The Staff Discussion Paper solicits stakeholder input on potential rate designs. Comments can be submitted to the OEB by May 27, 2016.

CURRENT RATE DESIGN

The current distribution rate designs are not fully linked to the cost drivers for distribution systems. One of the main cost drivers is the total level of peak demand of all of a distributor’s customers. As a result of historical limits on metering technology, the current rate design has rarely resulted in business customers being charged based on their individual level of demand when the total demand of all of a distributor’s customers is the highest for the month. Customers have been charged based on their assumed contribution to their distributor’s peak demand according to the customer’s individual peak electricity consumption, regardless of whether the customer’s peak consumption was coincident (i.e. occurred at the same time) with the peak demand on the distributor’s system.

CHANGES LINKED TO SMART AND INTERVAL METERING

Data from smart and interval meters can now be used to design rates that link to cost drivers more closely, particularly rates that vary by time of day.
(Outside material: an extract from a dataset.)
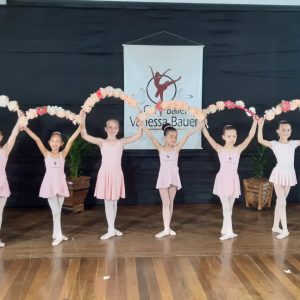 Cia de Ballet  Vanessa Bauer promoveu recital em Tuparendi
The OEB is requiring interval meters (that typically measure energy use on a 15 minute basis) to be installed by August 21, 2020 for all business customers forecast to have a monthly average peak demand during a calendar year of over 50 kilowatts (kW).

The OEB’s goal is to equip customers with the information that they need to make informed choices about how they use energy and enable them to leverage new technologies, manage their bills through conservation and understand the value of electricity services.

RATE DESIGN OPTIONS

The Staff Discussion Paper includes a discussion of general issues concerning rate design and presents several rate design options with a discussion of the potential advantages of each rate design and an illustration of how they might be structured with accompanying rate impacts.

Six basic design options are proposed:

  1. Fully-fixed monthly charge: This is the simplest option. It promotes an understanding of the fixed nature of distributor assets.
  2. Time of Use: This option values peak capacity in a simple way that customers will already be familiar with from time of use commodity pricing. This option bases the variable charge on the energy used in peak and off-peak periods. A higher rate will apply to peak kilowatt hour (kWh) than off-peak kWh, and should encourage load shifting to off-peak times.
  3. Energy usage blocks (like a cell phone plan): This option brings a level of contract pricing to smaller volume customers. It fixes the distribution charge for each customer while valuing peak capacity. Customers would contract for a specific number of peak kWh based on their past and expected usage, but there would be a high variable charge if the customer goes over its self-selected demand threshold.
  4. Minimum bill: This option uses a 100 per cent variable rate, with a monthly minimum amount. This option would encourage conservation by keeping a high variable charge while providing the distributor with a fixed revenue stream.
  5. Three part demand rates: The first part of the charge is a fixed monthly service charge to reflect the direct customer costs. The second part is a variable rate based on the ‘anytime’ demand or non-coincident peak demand to represent the cost of the design demand. The third part is a variable rate based on on-peak demand or coincident peak demand to represent the customer’s contribution to peak capacity requirements. This option values connection demand and aggregate demand separately, and it is expected to be fairer and provide more revenue stability than peak and off-peak alone.
  6. Time of Use demand rates: This option is similar to ‘Three part demand rates’ except that there is a peak charge and an off-peak charge instead of a peak charge and an anytime charge. This option values peak capacity.

DISCLAIMER: Because of the generality of this update, the information provided herein may not be applicable in all situations and should not be acted upon without specific legal advice based on particular situations.